It is also possible to bring a hydrophilic fluid into contact with the surface of an inventive transparent thin film to allow the hydrophilic fluid to be located only on the superhydrophilic part and to be solidified, whereby obtaining a swollen pattern of a desired shape.
A method for producing a transparent thin film provided as the 7th aspect of the invention is a method for producing a transparent thin film described above, and comprises starting from a solution of a silicone alkoxide and a hydrolyzable titanium compound to form a gel film containing a composite metal oxide or hydroxide of the titanium compound and the silicon alkoxide followed by bringing said gel film into contact with water or heated water to precipitate a titania microcrystal on the surface of the thin film.

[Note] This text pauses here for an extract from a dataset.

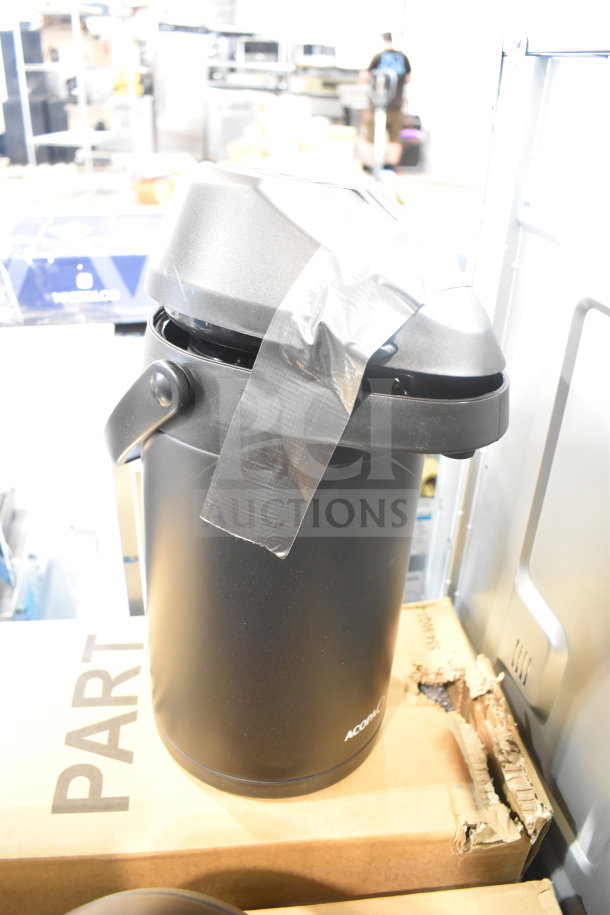 Brand new black air pot with minor scratches and taped lid. Acorn logo visible. Auction includes three units.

In this method, a silicon alkoxide as a starting material may be any of various materials represented by Formula: Si(OR)₄. Each organic group R as a constituent of the alkoxyl group may for example be a same or different lower alkyl group having 1 to 6 carbon atoms, such as methyl group, ethyl group, propyl group, isopropyl group, butyl group, isobutyl group and the like. Typically, silicon tetraethoxide is employed preferably.

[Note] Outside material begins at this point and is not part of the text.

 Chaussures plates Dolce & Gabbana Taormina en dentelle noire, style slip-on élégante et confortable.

The silicon alkoxide is dissolved in an organic solvent to prepare a silicon alkoxide solution. Upon this, a catalyst for promoting the hydrolysis of the alkoxyl group or promoting the dehydration condensation reaction and water may be added if desired. The molar ratios of the organic solvent and water to be added to the silicon alkoxide are preferably 1 to 8 and 1 to 6, respectively.
An organic solvent may for example be methanol, ethanol, 1-propanol, isopropyl alcohol, 1-butanol, 2-butanol, isobutyl alcohol, t-butyl alcohol, 1-pentanol, 2-pentanol, 3-pentanol and the like.
A catalyst may for example be nitric acid, hydrochloric acid, sulfuric acid, phosphoric acid, acefic acid, ammonia and the like.
A hydrolyzable titanium compound as a starting material may for example be an metal organic compound titanium alkoxide, titanium oxalate, a metal inorganic compound titanium nitrate, titanium tetrachloride and the like, with a titanium alkoxide being employed preferably. Such a titanium alkoxide may for example be tetramethoxytitanium, tetraethoxytitanium, tetra-n-propoxytitanium, tetraisopropoxytitanium, tetra-n-butoxytitanium, tetraisobutoxytitanium and the like.
A titanium compound is also dissolved in an organic solvent described above to prepare a titanium solution. The molar ratio of the organic solvent to be added to a titanium compound is preferably about 20.
A silicon alkoxide solution and a titanium solution thus prepared are mixed to form a gel film containing a composite metal oxide or hydroxide of the titanium compound and the silicon alkoxide. The silicon alkoxide and the titanium compound are incorporated in a molar ratio within a range of SiO₂:TiO₂=5:1 to 1:3 as described above, more preferably around 3:1. A molar ratio of the silicon alkoxide and the titanium compound of about 3:1 serves to further increase the photocatalytic activity of the inventive transparent thin film.
A gel film can be formed on a support made from various materials. A support may be made from any of various glass materials, metal materials, inorganic materials, plastic materials, papers and woody materials. The method for the application onto the support may be any of various methods such as dip coating, spray coating, spin coating and the like.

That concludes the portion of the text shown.